Exploratory Data Analysis (EDA)
Before diving into a problem, you need to understand your data. EDA is the first hands-on-a-keyboard step and will frame how you proceed.
Here’s an excellent EDA checklist of questions to work through:
- What question(s) am I trying to solve?
- What kind of data do I have?
- Types, relationship between data
- What’s missing from my data? How will I deal with it?
- What is the distribution of my data?
- Are there outliers?
- Do I need to change the distribution of the data for my algorithms?
- What feature engineering is needed?
What question(s) am I trying to solve?
Don’t just dive into coding! If you don’t know what question you are trying to solve, you can’t begin. Getting the right answer to the wrong question might be cool machine learning, but doesn’t add value to your organization. You need to know whether it’s a classification or regression problem, if you have enough data, if the data supports the problem you’re trying to solve, and more! As we specified in Recipe 3, make sure the information you are seeking is actually present in the data. For example, if you are trying to predict engine failures based on engine telemetry, the label of ‘this engine broke and required a repair’ may be included in your data, or may need to be brought in separately and merged with the telemetry data.
Clarify your objectives and make sure you have the correct variables to support those objectives. For a more on the importance of data quality and an in-depth pipeline to cleaning data and clarifying objectives, check out this HBR article.
What data do I have?
Which features are numerical (e.g. price), which are categorical (e.g. sex), which are objects (e.g. text)? A domain expert or subject matter expert can be very helpful in order to understand what each feature means in relation to the problem. Understanding your data will allow you to manipulate it so you don’t violate any of the assumptions inherent in your model. (Seriously, read that assumptions link). Below are just two examples of datatypes (categorical and numerical) and the feature engineering required for each. For more examples on each datatype and feature engineering, see Recipe 7.
Categorical data
May need to be encoded into numbers, depending on the type of algorithm you use. Be careful how you do categorical encoding, it can greatly increase dimensionality (in the case of one-hot encoding) or you may encode improperly. For instance, ordinal values (strongly disagree, disagree, neutral, agree, strongly agree, can be encoded sequentially (0,1,2,3,4) but nominal values (e.g. cat, dog, bird, fish) should not be encoded sequentially because if 0 is cat and 2 is bird, an algorithm may perceive that 2 > 0 therefore bird > cat.
Numerical data
May be correlated with one another, making some features unnecessary or at least very little value-add. Removing those features could be useful if you’d like to keep your model simple without losing too much ability to explain variance of your predictor. You may want to build your first simple model using the features most correlated with your target variable.
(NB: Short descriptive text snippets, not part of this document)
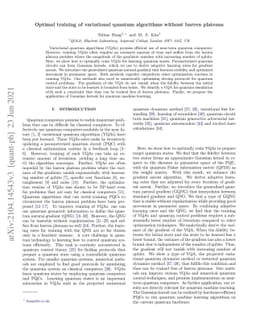 Optimal training of variational quantum algorithms without barren
  plateaus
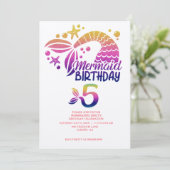 Mermaid Theme Persoonlijke Kinderen Birthday Party Kaart (Staand voorkant)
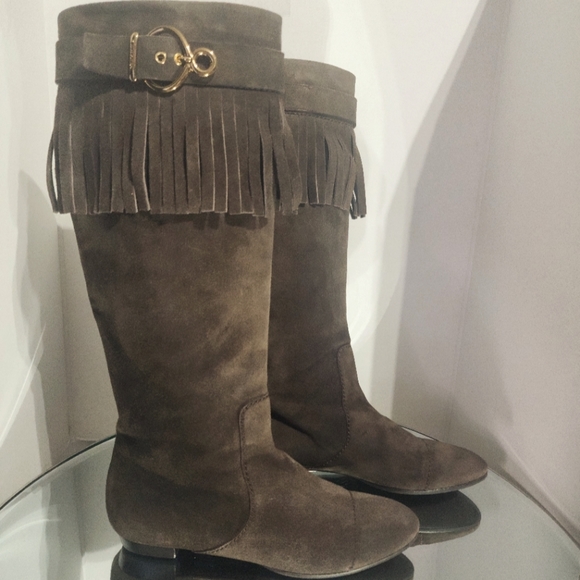 Louis Vuitton Brown Leather  Suede Knee Boots100% AuthenticSize 35.5 - Picture 1 of 11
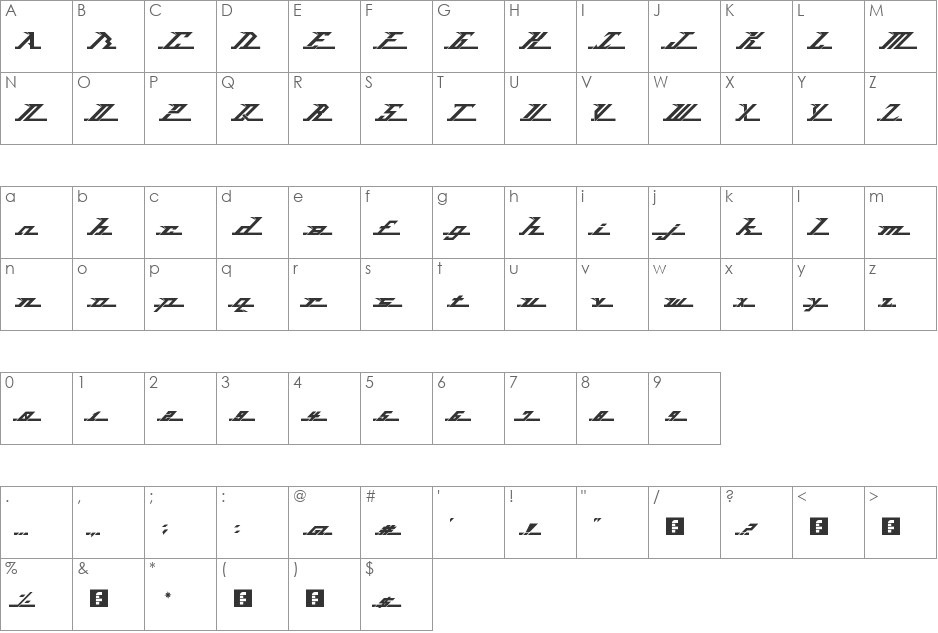 Razorwing font character map preview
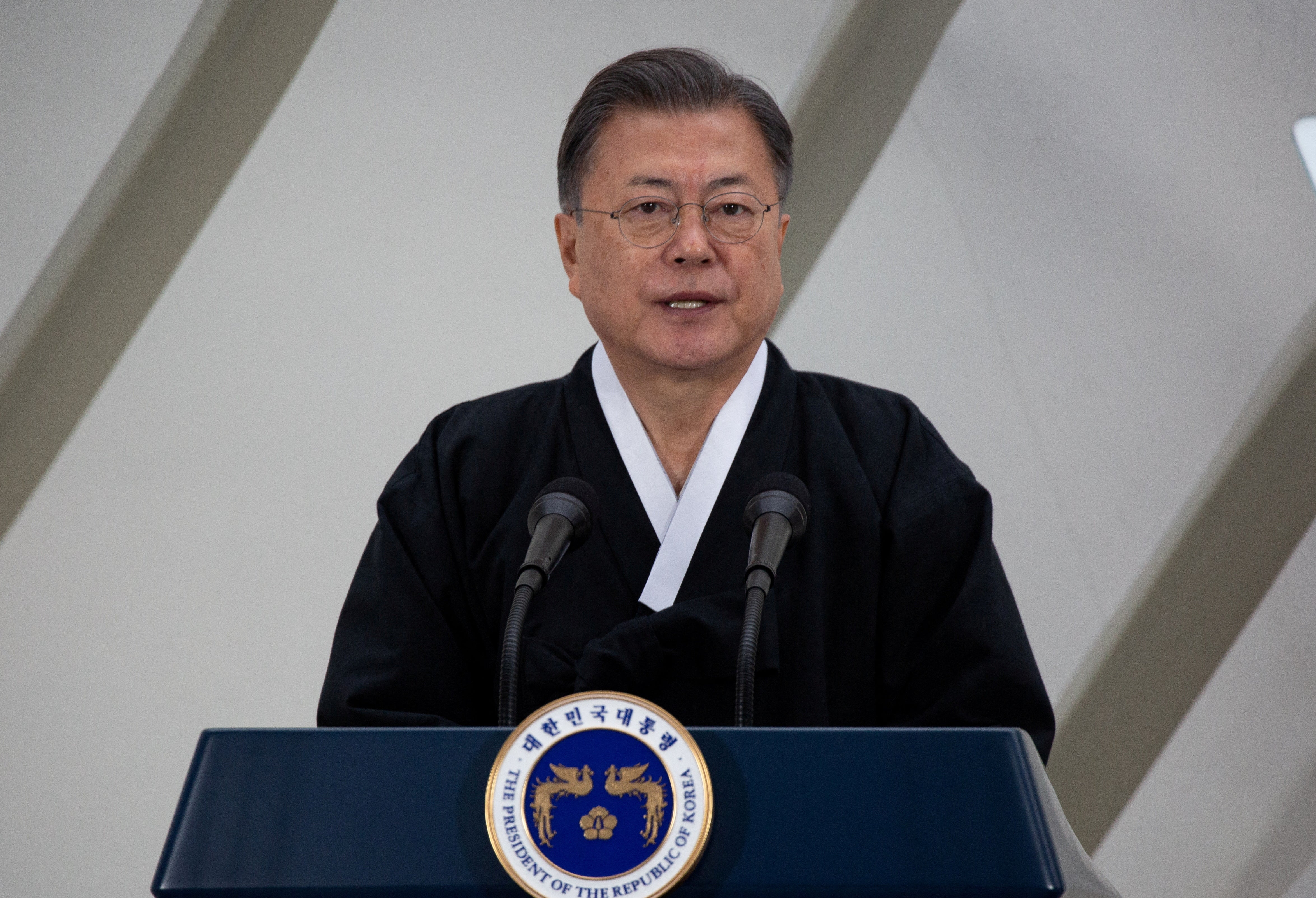 File: South Korean then-president Moon Jae In in Seoul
Normalizing numerical features can also improve algorithm performance. Some numerical features may actually only be nominal, so you have to treat them as categorical variables.
If you have data that’s not relevant to answering your problem question, feel free to drop it. This could be duplicate features (‘url’, ‘image_url’), unrelated features, or outliers that might bias your model.
What’s missing from my data?
Just as important as the data you have is the data you don’t have. Whether it’s a feature column filled with NaN (not a number) values, or a feature that doesn’t exist within your data, or one you can engineer. For NaN (null) values, you can impute, or replace them with substituted values like the mean or median, though there are other options. If you are missing a key feature you’d like to have, you may need to find that data from another source, or merge multiple data sources. For more missing data feature engineering examples, see Recipe 7.
What is the distribution of my data?
Analyzing your data distribution informs you of underlying characteristics and informs you on what you can (or should) do with it. Uninformed modeling or modeling that violates assumptions (most regression based methods assume normality) may result in unexpected and inaccurate results.
For starters, basic statistics (i.e. mean, median, maximum, minimum, standard deviation) will tell you the possible values in your dataset. These also provide initial information on possible skew and outliers within your data. Skews and outliers can then be easily validated through graphing the data. Box plots assess if outliers exist; histograms assess normality and skewness; scatterplots can be used to assess linearity; QQ plots compare the distribution of your data with the assumed distribution or another population’s data.
Once you’re armed with these characteristics, you can address any violated assumptions. You could remove outliers from your data to make it more normal and prevent your model from learning these values. You could apply transformations to the data to achieve linearity or normality assumptions. If the distribution of your data remains inconsistent across features, you will want to apply non-parametric statistical and modeling techniques.
Metrics
Choosing a metric to evaluate your model should be based on your desired end state and the data you’re using. Note that machine learning models never learn to actually answer your underlying questions (e.g., “Why does X happen”, “What happens to Y if I increase X?”). Instead, they learns rules and parameters such that their outputs will maximize or minimize a metric. In this sense, metrics are always proxies for your true questions, so choose them carefully! Here are some popular ones in machine learning:
Classification Metrics
- Accuracy: How many classified correctly vs incorrectly. This is great when you have (near) perfectly balanced data but can be misleading when you have unbalanced data.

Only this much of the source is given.